Terribly arrogant to just say "He's wrong, because we don't believe him" - we've made mistakes in the past about physics, are undoubtedly making loads now, and will make even more in the future.

* OK - it was known to be spherical (ish) before that, but he is the guy who conclusively proved it, even though he was dead by the end of the voyage...

Though you could argue the Greeks proved it, or the Egyptians.

Windows 95 to Windows 7: How Microsoft lost its vision

Bah Humbug

The '95 picture looks like my 7 desktop

I installed 7 a few weeks ago, in the hope that it would improve the wireless reliability on my laptop, which struggled to maintain a connection for > 15 minutes under Vista. So far, it's working well, and the wireless hasn't dropped once, so it seems to have been a worthwhile upgrade.

Anyway, seeing the pictures of Windows 95 made me realise just how old-fashioned I am; one of the first things I do with a new install (after anti-virus, updates etc.), is make my desktop look as similar to the 95/98 experience as possible - Windows 7 can still get surprisingly close. I just find that version of the UI to work better for me - most people would probably disagree!

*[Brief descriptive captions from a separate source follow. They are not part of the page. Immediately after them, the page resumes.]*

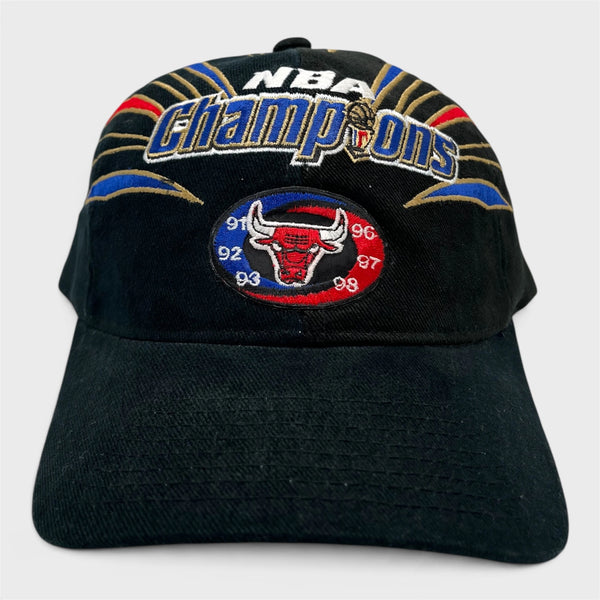 Vintage Chicago Bulls 1998 NBA Champions Strapback Hat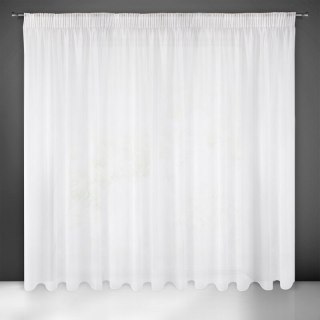 FIRANA GOTOWA SYLVIA NA TAŚMIE 350 X 250 CM BIAŁY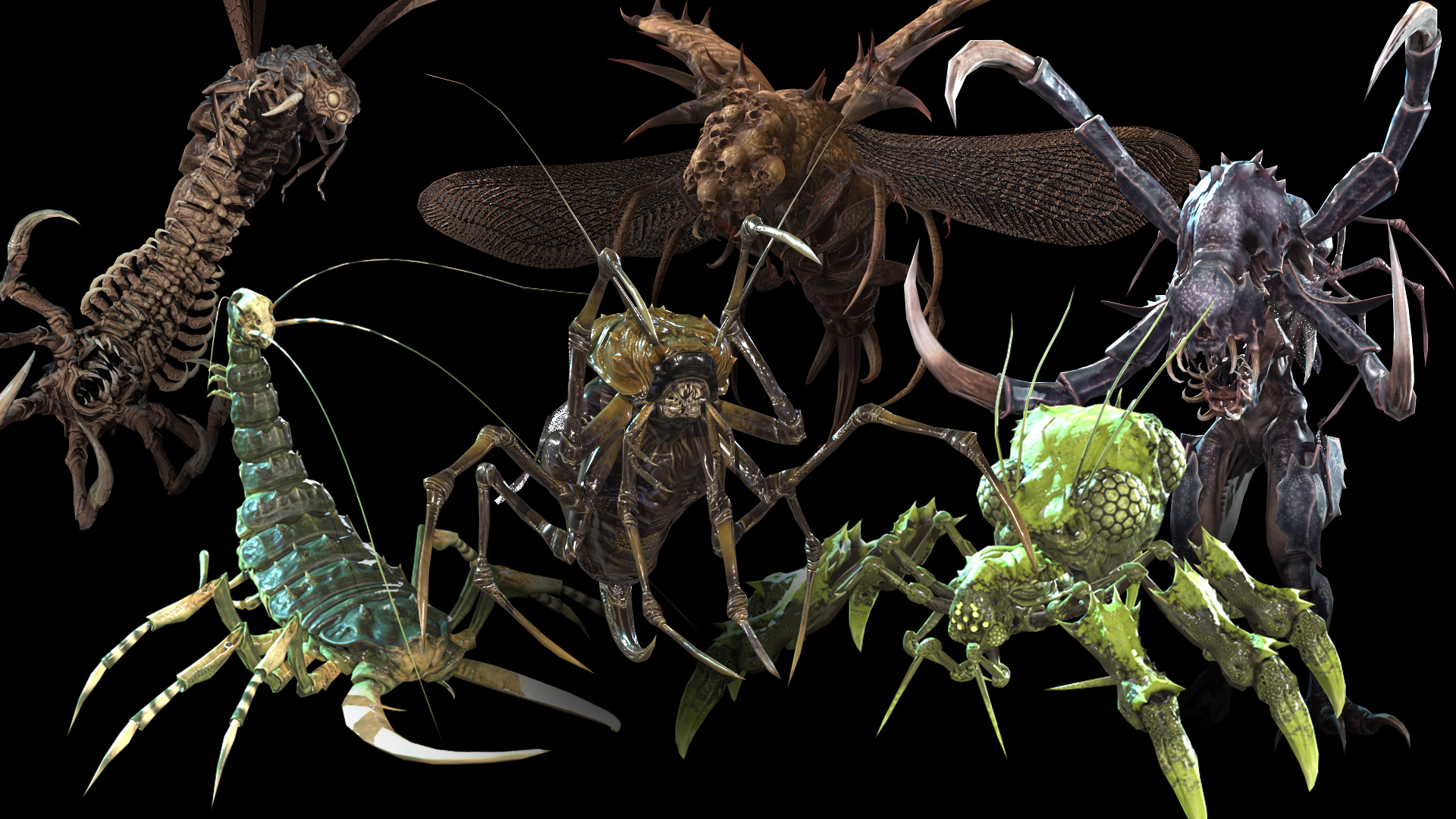 Monster Beetle Pack2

Still think that 3.11 was the best version ever though...

Man jailed over air traffic control IT kit eBay scam

Bah Humbug

A title is required, and must contain letters and/or digits. - WHY???

I feel kinda sorry for the guy in some ways - he must have been pretty desperate to do this sort of thing, and known there was a high chance he'd get caught.

Having said that, looking at this a different way, £58k for 15 months work is a pretty good salary - criminal record screws up future career prospects a little though.